Back when bands used to put out two albums a year—the luxury! Can you imagine?—it wasn’t common for said bands to screw with the formula too much. That’s how the Byrds’ second album gave the kids what they wanted: 12-string guitars, pristine harmonies and a couple of Dylan covers.
But they were smart guys, so Turn! Turn! Turn! wasn’t a complete retread of their debut. It helped that the title track was a huge hit, borrowed from a Pete Seeger arrangement of some Bible verses. “It Won’t Be Wrong” was left over from their earliest days trying to get a record deal, but “Set You Free This Time” stands out with Gene Clark’s rugged yet right lament on lost love. Listen for his mournful harmonica on the fade. It’s to the band’s credit that they managed to cover a previously unheard Bob Dylan song, the majestic ode to music of “Lay Down Your Weary Tune”. The boys do a nice job finding harmonies for it, and somebody thought it was a good idea to bring Chris Hillman’s bass all the way up in the mix.
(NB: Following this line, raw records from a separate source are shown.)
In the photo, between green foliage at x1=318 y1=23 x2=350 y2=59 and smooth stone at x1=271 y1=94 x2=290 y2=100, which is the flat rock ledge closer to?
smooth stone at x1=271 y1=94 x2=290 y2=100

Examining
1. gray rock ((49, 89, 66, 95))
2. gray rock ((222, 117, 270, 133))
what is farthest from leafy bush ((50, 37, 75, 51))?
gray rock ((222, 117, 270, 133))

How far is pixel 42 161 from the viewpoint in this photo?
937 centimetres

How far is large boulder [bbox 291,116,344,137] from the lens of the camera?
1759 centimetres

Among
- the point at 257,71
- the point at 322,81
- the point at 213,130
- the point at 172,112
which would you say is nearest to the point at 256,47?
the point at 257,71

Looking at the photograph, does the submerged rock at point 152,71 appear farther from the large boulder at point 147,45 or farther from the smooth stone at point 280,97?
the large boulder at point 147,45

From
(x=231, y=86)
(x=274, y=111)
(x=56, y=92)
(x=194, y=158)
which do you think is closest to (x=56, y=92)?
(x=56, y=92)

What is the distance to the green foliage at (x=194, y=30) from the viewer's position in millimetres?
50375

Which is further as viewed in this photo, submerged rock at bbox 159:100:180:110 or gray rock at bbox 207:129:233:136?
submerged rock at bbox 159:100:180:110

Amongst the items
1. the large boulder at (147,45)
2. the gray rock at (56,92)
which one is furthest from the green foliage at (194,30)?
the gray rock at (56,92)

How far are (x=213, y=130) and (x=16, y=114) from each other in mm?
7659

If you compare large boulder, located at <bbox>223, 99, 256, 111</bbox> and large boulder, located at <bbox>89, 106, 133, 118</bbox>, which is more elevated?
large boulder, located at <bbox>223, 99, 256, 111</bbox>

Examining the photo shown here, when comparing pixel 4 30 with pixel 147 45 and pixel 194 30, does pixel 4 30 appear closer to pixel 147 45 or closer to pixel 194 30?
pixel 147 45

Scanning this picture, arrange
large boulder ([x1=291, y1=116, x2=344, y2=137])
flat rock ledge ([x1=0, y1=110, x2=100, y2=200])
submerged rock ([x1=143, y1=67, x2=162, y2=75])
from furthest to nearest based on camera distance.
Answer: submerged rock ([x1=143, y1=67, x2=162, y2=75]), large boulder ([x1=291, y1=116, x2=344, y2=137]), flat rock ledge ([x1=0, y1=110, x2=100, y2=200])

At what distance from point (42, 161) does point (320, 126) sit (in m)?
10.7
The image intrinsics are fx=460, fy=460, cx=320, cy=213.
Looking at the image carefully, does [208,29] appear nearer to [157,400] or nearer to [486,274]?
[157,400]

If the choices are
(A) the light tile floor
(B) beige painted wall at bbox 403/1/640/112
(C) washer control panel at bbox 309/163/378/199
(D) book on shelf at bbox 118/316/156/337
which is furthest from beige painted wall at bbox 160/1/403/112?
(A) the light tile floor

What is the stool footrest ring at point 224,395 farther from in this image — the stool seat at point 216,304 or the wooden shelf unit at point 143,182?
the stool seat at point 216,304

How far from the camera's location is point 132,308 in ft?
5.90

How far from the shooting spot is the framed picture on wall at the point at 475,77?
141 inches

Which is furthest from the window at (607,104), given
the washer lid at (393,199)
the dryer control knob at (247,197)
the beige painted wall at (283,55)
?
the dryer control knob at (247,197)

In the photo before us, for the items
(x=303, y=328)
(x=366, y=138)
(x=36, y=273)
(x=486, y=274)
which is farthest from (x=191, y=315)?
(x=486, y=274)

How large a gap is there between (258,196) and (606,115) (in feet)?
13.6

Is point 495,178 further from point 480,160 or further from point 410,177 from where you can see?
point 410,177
Another stretch comes with the updated adaptation of the old folk song “He Was A Friend Of Mine”, which directly references the Kennedy assassination.
Another Gene Clark classic starts off side two in “The World Turns All Around Her”, framed by all those interlocking 12-strings. There’s a detour into a cover of another folk chestnut, “Satisfied Mind”, before we go back way left field for “If You’re Gone”. This song is, yes, another masterpiece by Gene Clark, a sad goodbye over unresolved harmonies that add an other-worldly air to the Eastern-sounding guitar. Unfortunately the effect is killed by a rather tepid run through “The Times They Are A-Changin’”, and “Wait And See”, the first David Crosby song credit on a Byrds album, is just okay. In keeping with tradition, they end with a gag: this time it’s a folk-rock rendition of “Oh! Susannah”.
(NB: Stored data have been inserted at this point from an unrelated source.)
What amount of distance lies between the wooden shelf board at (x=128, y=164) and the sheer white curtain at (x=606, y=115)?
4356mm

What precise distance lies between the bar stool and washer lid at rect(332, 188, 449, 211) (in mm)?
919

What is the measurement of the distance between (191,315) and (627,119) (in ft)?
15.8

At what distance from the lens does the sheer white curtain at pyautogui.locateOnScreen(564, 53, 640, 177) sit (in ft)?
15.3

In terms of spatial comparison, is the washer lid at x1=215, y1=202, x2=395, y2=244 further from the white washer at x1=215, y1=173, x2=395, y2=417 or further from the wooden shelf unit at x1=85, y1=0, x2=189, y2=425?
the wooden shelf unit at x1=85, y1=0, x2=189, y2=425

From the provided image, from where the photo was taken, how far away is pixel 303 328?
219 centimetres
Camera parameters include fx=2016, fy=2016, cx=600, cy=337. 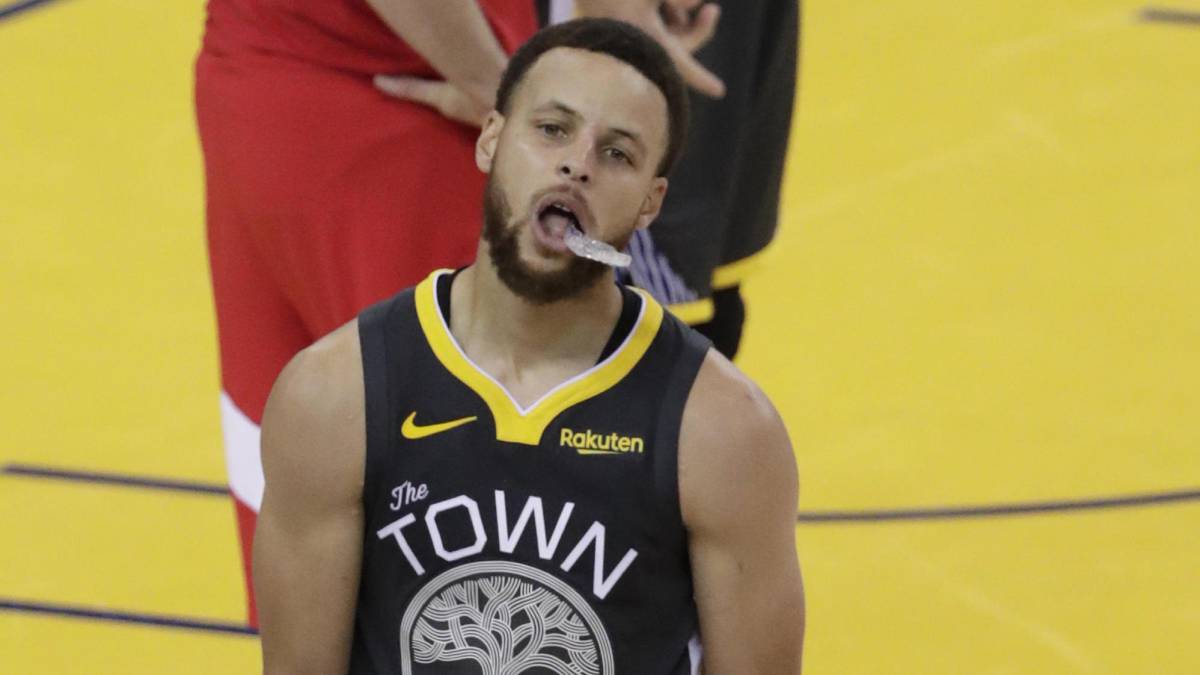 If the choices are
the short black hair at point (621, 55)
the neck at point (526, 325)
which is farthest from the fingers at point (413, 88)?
the neck at point (526, 325)

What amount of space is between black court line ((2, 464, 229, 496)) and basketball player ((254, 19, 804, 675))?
Result: 220 cm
Turn! Turn! Turn! is still a good album, and shows off their progress as a tight band, but it still amounts to some water-treading. What was missing is apparent on the upgraded CD. First, there’s “The Day Walk”, occasionally subtitled “Never Before”, an incredible song surpassed in its untimely sophistication by the wondrous “She Don’t Care About Time”, which had been relegated to a B-side. It should come as no surprise by now that both of these songs were written by Gene Clark, whose quality of work was obviously starting to intimidate the more headstrong full-time guitar players in the band. It’s a matter of taste whether McGuinn’s Bach-flavored solo on the latter song was a good idea or just him trying to steal some limelight. A different arrangement of “The Times They Are A-Changin’”, an unreleased take of Dylan’s “It’s All Over Now, Baby Blue”, a couple of alternate takes and a song that never got vocals, “Stranger In A Strange Land”, round out the bonuses, bringing up the disc’s value greatly.

The Byrds Turn! Turn! Turn! (1965)—3
1996 CD reissue: same as 1965, plus 7 extra tracks

1 comment:

  1. Perfect:
    the instrumental intro to Turn! Turn1 Turn!